Homework
- Writing Minutes
- Freewriting (The narrator was running late and just showed up to a story already in progress. S/he doesn't know who the heroes and villains are or even what genre the story is.)
- Continue working on your suspense piece. (This can be either a non-fiction essay or a short fiction story.) We will cover one more element of suspense next week. Your rough draft is due Oct. 19.
Class Review
Suspense occurs when there are two possible and equally (or nearly equally) outcomes in a narrative. However, just because the ending is in doubt doesn't mean that an audience will feel suspense; there are some things that a writer can do to help create a feeling of suspense in their readers.
- Put sympathetic characters in peril. Peril can be as extreme as life and death or it can be less intense, like having a dream or desire thwarted. What's at stake isn't as important as how much an audience cares for a character.
- Focus on what could and not necessarily what does happen. In any situation the number of paths of action, bad and good, which can happen are innumerable and that creates anxiety. In reality, there is only one path of action which actually occurs. Choices create suspense.
- Limit your narrator. While you as a storyteller are essentially omniscient, you need to keep secrets from your audience. Eventually you will have to give away all the secrets in a story, but a good way to do that is to limit the perspective of the narrator and let the characters reveal secrets themselves in their own time.

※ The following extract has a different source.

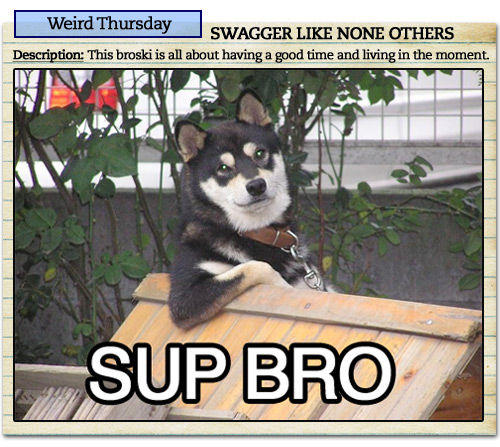 Cool Dog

- Don't focus on violence. Remember, what could happen is suspense. To much gore will alienate an audience.
- Anticipate your audience. What questions will your audience have at each point in your story? Be sure they are answered or there is a clear reason why they cannot be answered at this point in the story (or ever). Readers of suspense like to solve puzzles and find loopholes. Puzzle your story out before your readers.
Alfred Hitchcock is the master of suspense in cinema. If you have the inclination Rear Window, Notorious, and Vertigo are great examples of how to create suspense.